=== Task details ===
Please write out the listing exactly, leaving each picture out.

=== Material provided ===
══════
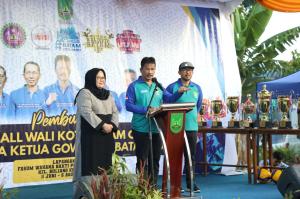 Kepala BP Batam Ajak Atlet Kota Batam Tingkatkan Prestasi dan Mendukung Program Pembinaan Olahraga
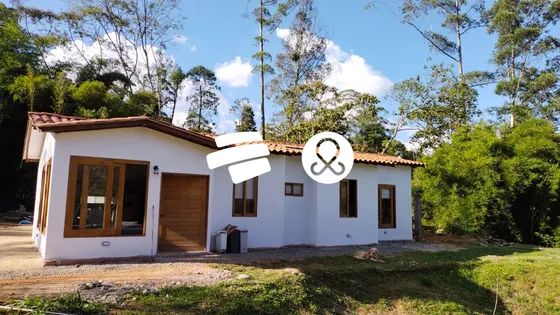 Acogedora Casa En Caldas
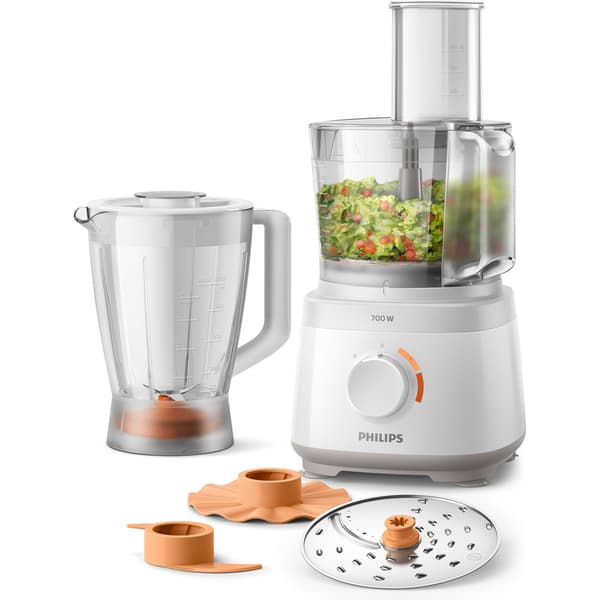 Foodprocessor HR7320/00 Daglig 700W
══════
=== Answer to this task ===
 Kepala BP Batam Ajak Atlet Kota Batam Tingkatkan Prestasi dan Mendukung Program Pembinaan Olahraga
 Acogedora Casa En Caldas
 Foodprocessor HR7320/00 Daglig 700W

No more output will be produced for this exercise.